┌─ Material provided

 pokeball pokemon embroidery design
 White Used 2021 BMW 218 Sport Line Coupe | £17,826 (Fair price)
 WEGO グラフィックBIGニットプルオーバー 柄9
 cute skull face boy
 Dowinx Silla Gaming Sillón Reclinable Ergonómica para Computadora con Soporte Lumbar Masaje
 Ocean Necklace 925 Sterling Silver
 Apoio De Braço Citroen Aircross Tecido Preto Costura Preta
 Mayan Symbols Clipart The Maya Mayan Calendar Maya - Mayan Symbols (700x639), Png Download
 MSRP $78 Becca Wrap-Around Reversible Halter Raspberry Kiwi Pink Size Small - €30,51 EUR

└─
┌─ Material provided

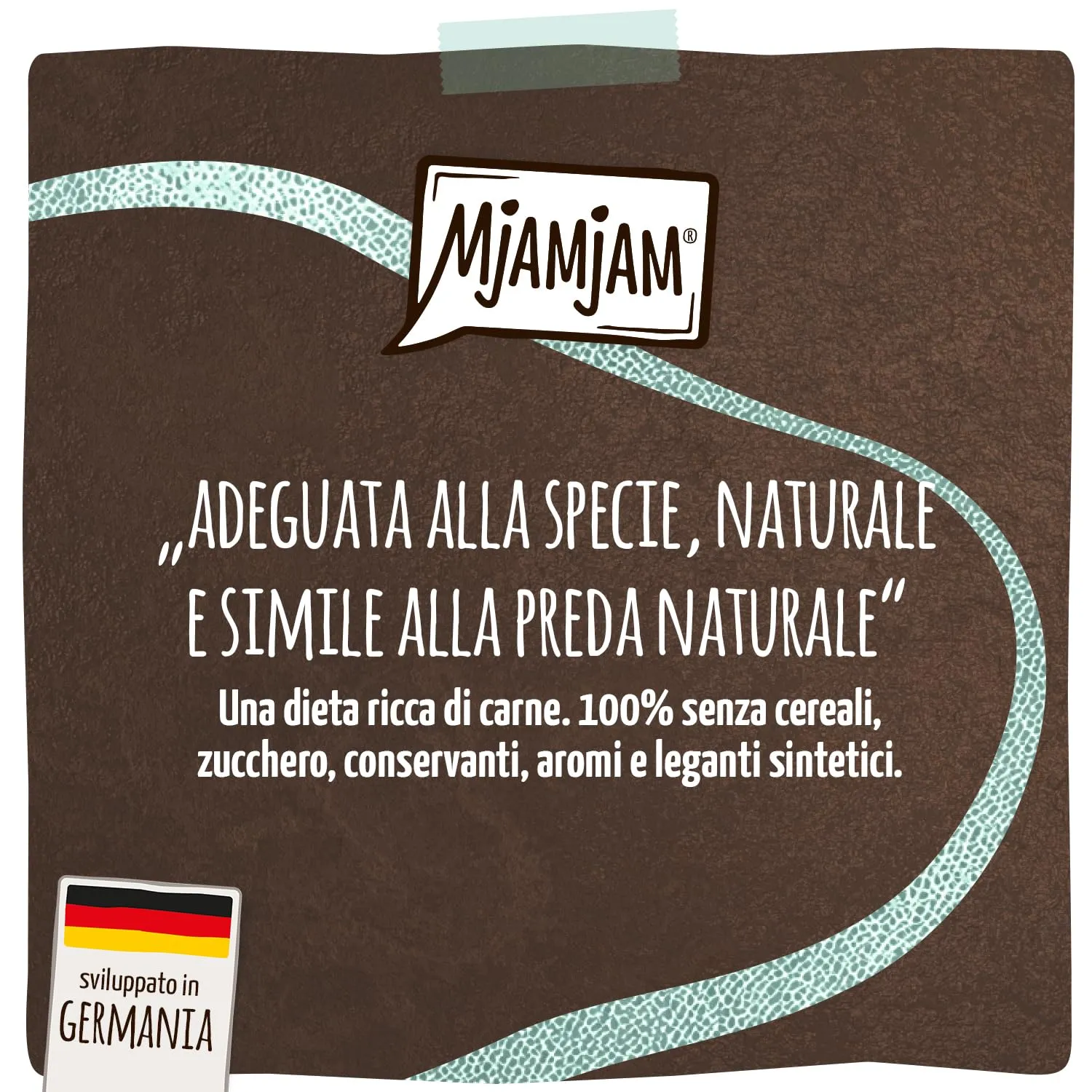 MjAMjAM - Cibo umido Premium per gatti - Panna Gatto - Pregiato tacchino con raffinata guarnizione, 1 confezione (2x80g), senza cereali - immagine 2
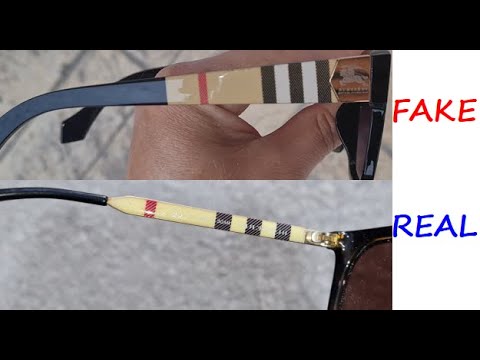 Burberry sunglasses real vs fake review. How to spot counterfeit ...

└─

» What needs to be done
The range runs from the line with "pokeball pokemon embroidery design" up to and including the line with "MSRP $78 Becca" in the listing above; please write out exactly those lines and nothing more.

» Output of the exercise
 pokeball pokemon embroidery design
 White Used 2021 BMW 218 Sport Line Coupe | £17,826 (Fair price)
 WEGO グラフィックBIGニットプルオーバー 柄9
 cute skull face boy
 Dowinx Silla Gaming Sillón Reclinable Ergonómica para Computadora con Soporte Lumbar Masaje
 Ocean Necklace 925 Sterling Silver
 Apoio De Braço Citroen Aircross Tecido Preto Costura Preta
 Mayan Symbols Clipart The Maya Mayan Calendar Maya - Mayan Symbols (700x639), Png Download
 MSRP $78 Becca Wrap-Around Reversible Halter Raspberry Kiwi Pink Size Small - €30,51 EUR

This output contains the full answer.